# The data
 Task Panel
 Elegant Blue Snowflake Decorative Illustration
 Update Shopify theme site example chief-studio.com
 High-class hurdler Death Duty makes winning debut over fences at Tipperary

* * *

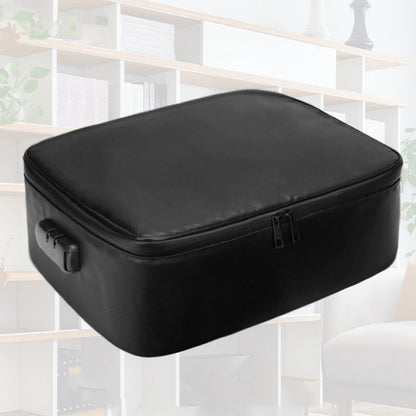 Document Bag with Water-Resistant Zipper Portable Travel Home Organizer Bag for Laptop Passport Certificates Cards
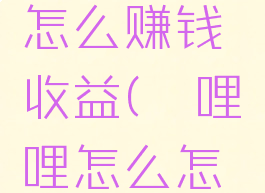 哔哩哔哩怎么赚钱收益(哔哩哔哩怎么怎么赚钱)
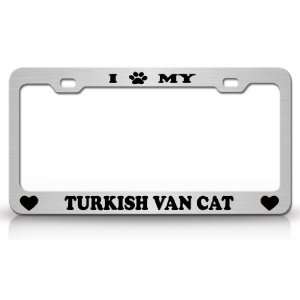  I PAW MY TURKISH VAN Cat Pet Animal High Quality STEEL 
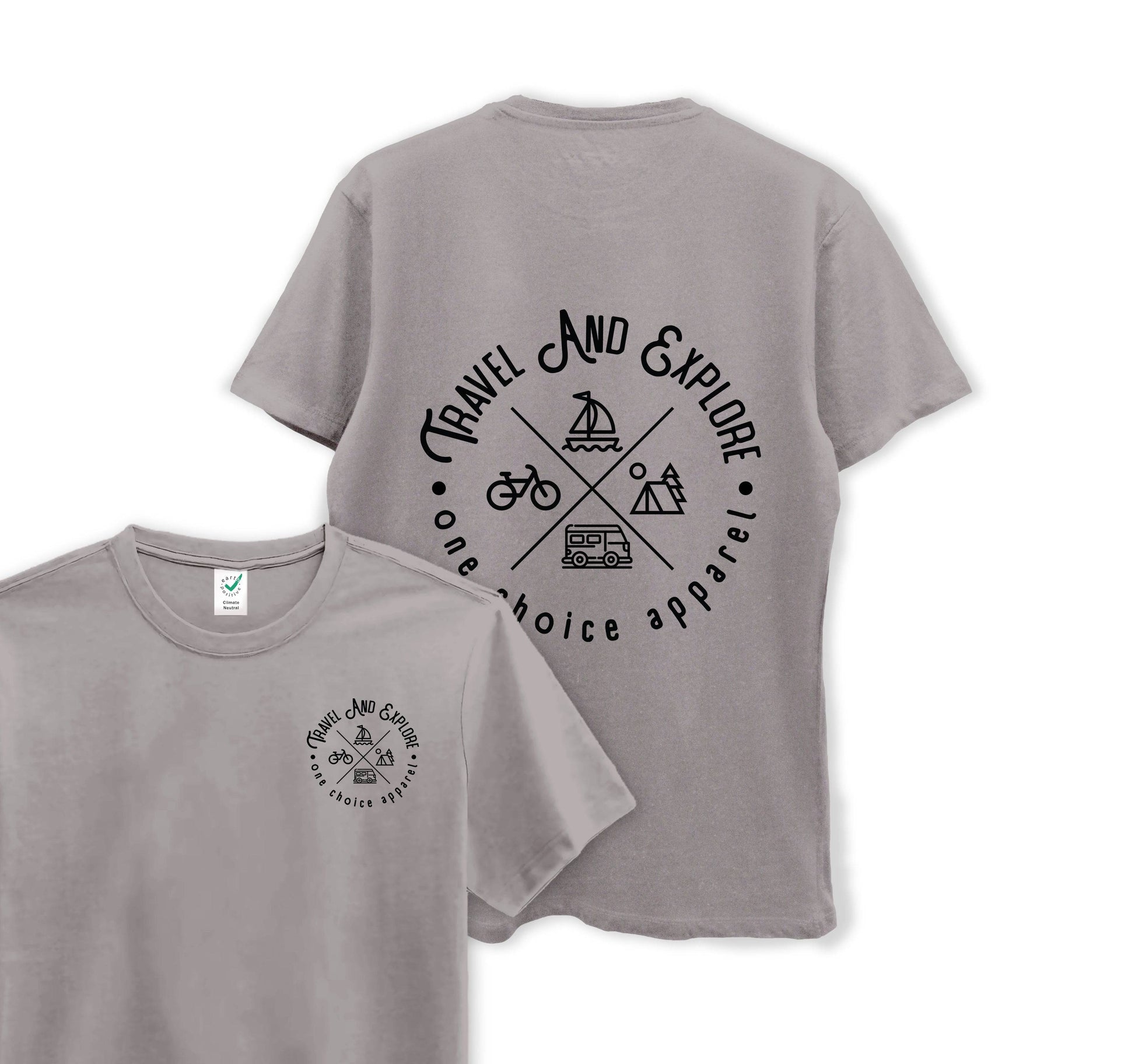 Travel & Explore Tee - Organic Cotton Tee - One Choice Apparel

--

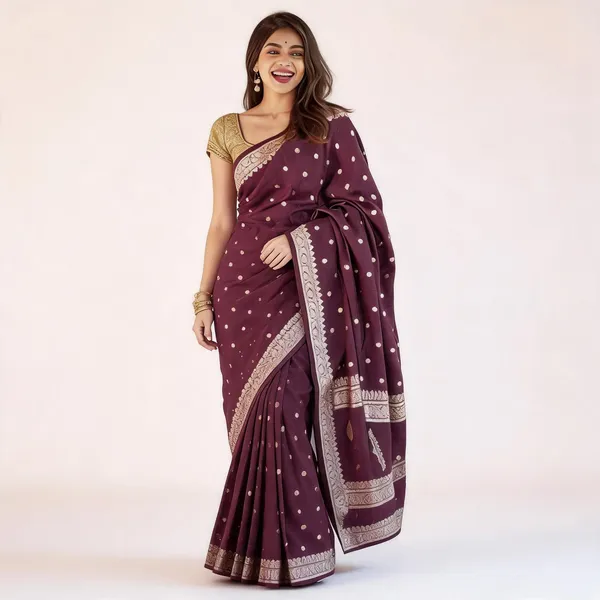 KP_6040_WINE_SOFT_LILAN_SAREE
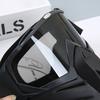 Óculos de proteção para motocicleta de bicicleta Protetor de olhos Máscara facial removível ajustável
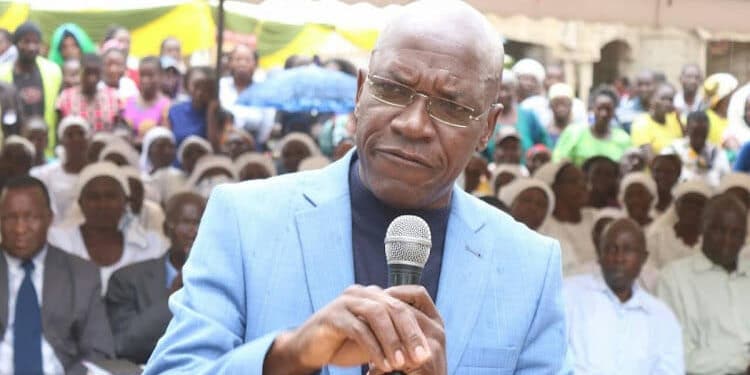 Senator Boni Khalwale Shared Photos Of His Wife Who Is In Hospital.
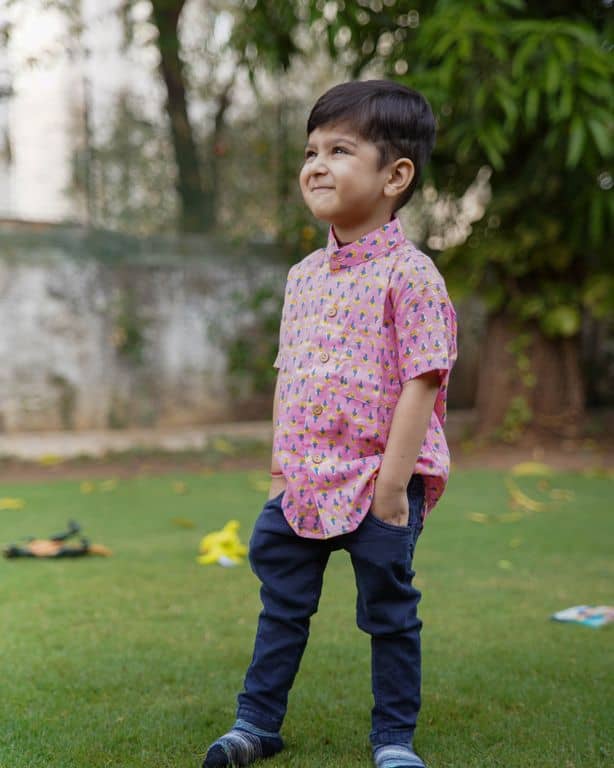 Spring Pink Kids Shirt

# Task item
Now transcribe the lines above exactly, starting at the line containing "Óculos de proteção" and ending at the line containing "Spring Pink Kids Shirt", both lines included, pictures excluded.

# Answer to this task
 Óculos de proteção para motocicleta de bicicleta Protetor de olhos Máscara facial removível ajustável
 Senator Boni Khalwale Shared Photos Of His Wife Who Is In Hospital.
 Spring Pink Kids Shirt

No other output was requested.